◆ **TASK**
Produce a word-for-word copy of the data below.

Web page caption snippets:
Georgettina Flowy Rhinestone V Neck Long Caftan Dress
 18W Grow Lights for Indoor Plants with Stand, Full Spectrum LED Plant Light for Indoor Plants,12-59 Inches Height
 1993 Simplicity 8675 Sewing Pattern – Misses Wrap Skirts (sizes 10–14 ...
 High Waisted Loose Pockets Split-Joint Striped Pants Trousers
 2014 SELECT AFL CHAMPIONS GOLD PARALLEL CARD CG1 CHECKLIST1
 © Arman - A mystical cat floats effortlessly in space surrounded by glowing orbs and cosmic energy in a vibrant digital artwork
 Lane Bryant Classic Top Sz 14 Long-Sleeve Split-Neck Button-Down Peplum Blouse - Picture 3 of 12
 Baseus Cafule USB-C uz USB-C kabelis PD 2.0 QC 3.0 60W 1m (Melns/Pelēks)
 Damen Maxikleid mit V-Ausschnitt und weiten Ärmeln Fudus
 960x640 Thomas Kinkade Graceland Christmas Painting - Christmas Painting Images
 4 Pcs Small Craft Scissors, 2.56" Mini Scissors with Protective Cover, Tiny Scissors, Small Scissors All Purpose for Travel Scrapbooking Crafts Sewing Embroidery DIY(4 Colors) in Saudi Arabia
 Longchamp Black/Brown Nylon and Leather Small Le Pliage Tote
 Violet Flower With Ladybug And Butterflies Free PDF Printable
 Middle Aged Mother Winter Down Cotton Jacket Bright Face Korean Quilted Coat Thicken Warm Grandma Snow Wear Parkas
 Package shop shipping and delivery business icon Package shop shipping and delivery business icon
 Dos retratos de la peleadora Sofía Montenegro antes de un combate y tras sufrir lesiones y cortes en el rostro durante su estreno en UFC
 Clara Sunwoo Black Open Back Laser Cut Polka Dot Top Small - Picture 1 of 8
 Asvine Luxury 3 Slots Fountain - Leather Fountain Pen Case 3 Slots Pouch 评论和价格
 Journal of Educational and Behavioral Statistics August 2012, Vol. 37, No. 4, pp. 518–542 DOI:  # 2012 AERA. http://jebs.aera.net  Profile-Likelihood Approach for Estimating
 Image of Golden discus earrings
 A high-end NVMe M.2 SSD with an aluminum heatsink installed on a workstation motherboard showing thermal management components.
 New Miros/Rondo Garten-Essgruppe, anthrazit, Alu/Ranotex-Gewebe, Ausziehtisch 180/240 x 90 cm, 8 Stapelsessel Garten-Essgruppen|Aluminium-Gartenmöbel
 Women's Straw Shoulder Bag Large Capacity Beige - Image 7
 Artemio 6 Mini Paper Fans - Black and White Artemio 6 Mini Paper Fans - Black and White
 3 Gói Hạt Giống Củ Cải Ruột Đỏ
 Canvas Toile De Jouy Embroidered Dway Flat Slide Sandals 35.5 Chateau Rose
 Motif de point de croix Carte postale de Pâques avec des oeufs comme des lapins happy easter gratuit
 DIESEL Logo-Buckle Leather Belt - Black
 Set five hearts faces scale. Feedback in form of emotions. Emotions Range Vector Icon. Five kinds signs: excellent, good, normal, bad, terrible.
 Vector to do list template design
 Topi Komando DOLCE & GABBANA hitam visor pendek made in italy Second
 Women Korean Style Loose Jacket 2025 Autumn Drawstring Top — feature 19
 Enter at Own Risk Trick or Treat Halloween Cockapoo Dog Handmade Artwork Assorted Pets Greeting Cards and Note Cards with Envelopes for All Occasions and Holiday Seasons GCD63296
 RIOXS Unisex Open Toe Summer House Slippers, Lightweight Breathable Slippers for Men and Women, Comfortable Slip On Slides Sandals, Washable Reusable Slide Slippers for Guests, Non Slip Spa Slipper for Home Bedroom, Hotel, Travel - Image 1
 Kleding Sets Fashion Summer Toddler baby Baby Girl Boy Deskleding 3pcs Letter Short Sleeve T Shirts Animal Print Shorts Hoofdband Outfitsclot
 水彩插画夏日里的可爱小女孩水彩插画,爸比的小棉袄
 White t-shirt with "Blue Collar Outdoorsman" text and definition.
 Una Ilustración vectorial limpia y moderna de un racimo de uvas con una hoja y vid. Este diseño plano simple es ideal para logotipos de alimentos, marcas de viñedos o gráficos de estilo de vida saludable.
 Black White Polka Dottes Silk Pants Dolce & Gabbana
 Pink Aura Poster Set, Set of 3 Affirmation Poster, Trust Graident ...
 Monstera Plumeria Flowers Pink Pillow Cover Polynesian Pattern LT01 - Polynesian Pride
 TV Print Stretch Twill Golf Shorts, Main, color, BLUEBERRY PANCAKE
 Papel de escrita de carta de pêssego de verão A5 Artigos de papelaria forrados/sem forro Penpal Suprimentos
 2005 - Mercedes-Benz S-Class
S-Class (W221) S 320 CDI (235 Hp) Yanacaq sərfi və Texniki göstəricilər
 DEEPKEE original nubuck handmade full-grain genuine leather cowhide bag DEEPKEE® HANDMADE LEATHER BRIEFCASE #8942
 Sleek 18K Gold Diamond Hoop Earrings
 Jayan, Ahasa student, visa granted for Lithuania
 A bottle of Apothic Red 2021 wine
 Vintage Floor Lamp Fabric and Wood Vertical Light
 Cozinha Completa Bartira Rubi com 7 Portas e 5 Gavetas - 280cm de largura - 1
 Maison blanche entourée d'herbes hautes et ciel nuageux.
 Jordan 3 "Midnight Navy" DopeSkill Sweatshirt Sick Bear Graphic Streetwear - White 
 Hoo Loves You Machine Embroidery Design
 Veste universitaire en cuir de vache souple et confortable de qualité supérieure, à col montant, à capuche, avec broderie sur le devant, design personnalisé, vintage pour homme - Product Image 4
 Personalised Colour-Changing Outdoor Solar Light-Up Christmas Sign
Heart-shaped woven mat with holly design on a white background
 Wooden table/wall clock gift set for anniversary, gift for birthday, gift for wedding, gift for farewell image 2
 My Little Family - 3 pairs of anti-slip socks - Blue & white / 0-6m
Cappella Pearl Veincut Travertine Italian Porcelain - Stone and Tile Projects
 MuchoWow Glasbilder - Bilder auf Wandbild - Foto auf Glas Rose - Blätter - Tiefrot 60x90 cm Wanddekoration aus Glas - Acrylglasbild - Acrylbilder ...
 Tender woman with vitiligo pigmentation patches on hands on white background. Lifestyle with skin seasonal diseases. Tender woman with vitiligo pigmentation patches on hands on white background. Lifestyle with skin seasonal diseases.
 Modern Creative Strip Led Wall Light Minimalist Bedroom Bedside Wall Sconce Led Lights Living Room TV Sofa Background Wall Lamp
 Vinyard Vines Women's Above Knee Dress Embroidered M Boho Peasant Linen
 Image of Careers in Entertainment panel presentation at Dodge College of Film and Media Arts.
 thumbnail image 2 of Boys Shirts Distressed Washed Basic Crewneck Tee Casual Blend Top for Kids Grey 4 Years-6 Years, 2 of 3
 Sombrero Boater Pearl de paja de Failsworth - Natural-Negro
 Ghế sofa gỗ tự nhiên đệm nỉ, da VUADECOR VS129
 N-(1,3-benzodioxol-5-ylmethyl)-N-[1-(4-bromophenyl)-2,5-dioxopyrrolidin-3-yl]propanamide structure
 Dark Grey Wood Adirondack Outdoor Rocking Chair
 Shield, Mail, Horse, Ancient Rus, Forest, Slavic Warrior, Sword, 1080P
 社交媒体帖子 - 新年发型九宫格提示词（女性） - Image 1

◆ **ANSWER BOX**
Georgettina Flowy Rhinestone V Neck Long Caftan Dress
 18W Grow Lights for Indoor Plants with Stand, Full Spectrum LED Plant Light for Indoor Plants,12-59 Inches Height
 1993 Simplicity 8675 Sewing Pattern – Misses Wrap Skirts (sizes 10–14 ...
 High Waisted Loose Pockets Split-Joint Striped Pants Trousers
 2014 SELECT AFL CHAMPIONS GOLD PARALLEL CARD CG1 CHECKLIST1
 © Arman - A mystical cat floats effortlessly in space surrounded by glowing orbs and cosmic energy in a vibrant digital artwork
 Lane Bryant Classic Top Sz 14 Long-Sleeve Split-Neck Button-Down Peplum Blouse - Picture 3 of 12
 Baseus Cafule USB-C uz USB-C kabelis PD 2.0 QC 3.0 60W 1m (Melns/Pelēks)
 Damen Maxikleid mit V-Ausschnitt und weiten Ärmeln Fudus
 960x640 Thomas Kinkade Graceland Christmas Painting - Christmas Painting Images
 4 Pcs Small Craft Scissors, 2.56" Mini Scissors with Protective Cover, Tiny Scissors, Small Scissors All Purpose for Travel Scrapbooking Crafts Sewing Embroidery DIY(4 Colors) in Saudi Arabia
 Longchamp Black/Brown Nylon and Leather Small Le Pliage Tote
 Violet Flower With Ladybug And Butterflies Free PDF Printable
 Middle Aged Mother Winter Down Cotton Jacket Bright Face Korean Quilted Coat Thicken Warm Grandma Snow Wear Parkas
 Package shop shipping and delivery business icon Package shop shipping and delivery business icon
 Dos retratos de la peleadora Sofía Montenegro antes de un combate y tras sufrir lesiones y cortes en el rostro durante su estreno en UFC
 Clara Sunwoo Black Open Back Laser Cut Polka Dot Top Small - Picture 1 of 8
 Asvine Luxury 3 Slots Fountain - Leather Fountain Pen Case 3 Slots Pouch 评论和价格
 Journal of Educational and Behavioral Statistics August 2012, Vol. 37, No. 4, pp. 518–542 DOI:  # 2012 AERA. http://jebs.aera.net  Profile-Likelihood Approach for Estimating
 Image of Golden discus earrings
 A high-end NVMe M.2 SSD with an aluminum heatsink installed on a workstation motherboard showing thermal management components.
 New Miros/Rondo Garten-Essgruppe, anthrazit, Alu/Ranotex-Gewebe, Ausziehtisch 180/240 x 90 cm, 8 Stapelsessel Garten-Essgruppen|Aluminium-Gartenmöbel
 Women's Straw Shoulder Bag Large Capacity Beige - Image 7
 Artemio 6 Mini Paper Fans - Black and White Artemio 6 Mini Paper Fans - Black and White
 3 Gói Hạt Giống Củ Cải Ruột Đỏ
 Canvas Toile De Jouy Embroidered Dway Flat Slide Sandals 35.5 Chateau Rose
 Motif de point de croix Carte postale de Pâques avec des oeufs comme des lapins happy easter gratuit
 DIESEL Logo-Buckle Leather Belt - Black
 Set five hearts faces scale. Feedback in form of emotions. Emotions Range Vector Icon. Five kinds signs: excellent, good, normal, bad, terrible.
 Vector to do list template design
 Topi Komando DOLCE & GABBANA hitam visor pendek made in italy Second
 Women Korean Style Loose Jacket 2025 Autumn Drawstring Top — feature 19
 Enter at Own Risk Trick or Treat Halloween Cockapoo Dog Handmade Artwork Assorted Pets Greeting Cards and Note Cards with Envelopes for All Occasions and Holiday Seasons GCD63296
 RIOXS Unisex Open Toe Summer House Slippers, Lightweight Breathable Slippers for Men and Women, Comfortable Slip On Slides Sandals, Washable Reusable Slide Slippers for Guests, Non Slip Spa Slipper for Home Bedroom, Hotel, Travel - Image 1
 Kleding Sets Fashion Summer Toddler baby Baby Girl Boy Deskleding 3pcs Letter Short Sleeve T Shirts Animal Print Shorts Hoofdband Outfitsclot
 水彩插画夏日里的可爱小女孩水彩插画,爸比的小棉袄
 White t-shirt with "Blue Collar Outdoorsman" text and definition.
 Una Ilustración vectorial limpia y moderna de un racimo de uvas con una hoja y vid. Este diseño plano simple es ideal para logotipos de alimentos, marcas de viñedos o gráficos de estilo de vida saludable.
 Black White Polka Dottes Silk Pants Dolce & Gabbana
 Pink Aura Poster Set, Set of 3 Affirmation Poster, Trust Graident ...
 Monstera Plumeria Flowers Pink Pillow Cover Polynesian Pattern LT01 - Polynesian Pride
 TV Print Stretch Twill Golf Shorts, Main, color, BLUEBERRY PANCAKE
 Papel de escrita de carta de pêssego de verão A5 Artigos de papelaria forrados/sem forro Penpal Suprimentos
 2005 - Mercedes-Benz S-Class
S-Class (W221) S 320 CDI (235 Hp) Yanacaq sərfi və Texniki göstəricilər
 DEEPKEE original nubuck handmade full-grain genuine leather cowhide bag DEEPKEE® HANDMADE LEATHER BRIEFCASE #8942
 Sleek 18K Gold Diamond Hoop Earrings
 Jayan, Ahasa student, visa granted for Lithuania
 A bottle of Apothic Red 2021 wine
 Vintage Floor Lamp Fabric and Wood Vertical Light
 Cozinha Completa Bartira Rubi com 7 Portas e 5 Gavetas - 280cm de largura - 1
 Maison blanche entourée d'herbes hautes et ciel nuageux.
 Jordan 3 "Midnight Navy" DopeSkill Sweatshirt Sick Bear Graphic Streetwear - White 
 Hoo Loves You Machine Embroidery Design
 Veste universitaire en cuir de vache souple et confortable de qualité supérieure, à col montant, à capuche, avec broderie sur le devant, design personnalisé, vintage pour homme - Product Image 4
 Personalised Colour-Changing Outdoor Solar Light-Up Christmas Sign
Heart-shaped woven mat with holly design on a white background
 Wooden table/wall clock gift set for anniversary, gift for birthday, gift for wedding, gift for farewell image 2
 My Little Family - 3 pairs of anti-slip socks - Blue & white / 0-6m
Cappella Pearl Veincut Travertine Italian Porcelain - Stone and Tile Projects
 MuchoWow Glasbilder - Bilder auf Wandbild - Foto auf Glas Rose - Blätter - Tiefrot 60x90 cm Wanddekoration aus Glas - Acrylglasbild - Acrylbilder ...
 Tender woman with vitiligo pigmentation patches on hands on white background. Lifestyle with skin seasonal diseases. Tender woman with vitiligo pigmentation patches on hands on white background. Lifestyle with skin seasonal diseases.
 Modern Creative Strip Led Wall Light Minimalist Bedroom Bedside Wall Sconce Led Lights Living Room TV Sofa Background Wall Lamp
 Vinyard Vines Women's Above Knee Dress Embroidered M Boho Peasant Linen
 Image of Careers in Entertainment panel presentation at Dodge College of Film and Media Arts.
 thumbnail image 2 of Boys Shirts Distressed Washed Basic Crewneck Tee Casual Blend Top for Kids Grey 4 Years-6 Years, 2 of 3
 Sombrero Boater Pearl de paja de Failsworth - Natural-Negro
 Ghế sofa gỗ tự nhiên đệm nỉ, da VUADECOR VS129
 N-(1,3-benzodioxol-5-ylmethyl)-N-[1-(4-bromophenyl)-2,5-dioxopyrrolidin-3-yl]propanamide structure
 Dark Grey Wood Adirondack Outdoor Rocking Chair
 Shield, Mail, Horse, Ancient Rus, Forest, Slavic Warrior, Sword, 1080P
 社交媒体帖子 - 新年发型九宫格提示词（女性） - Image 1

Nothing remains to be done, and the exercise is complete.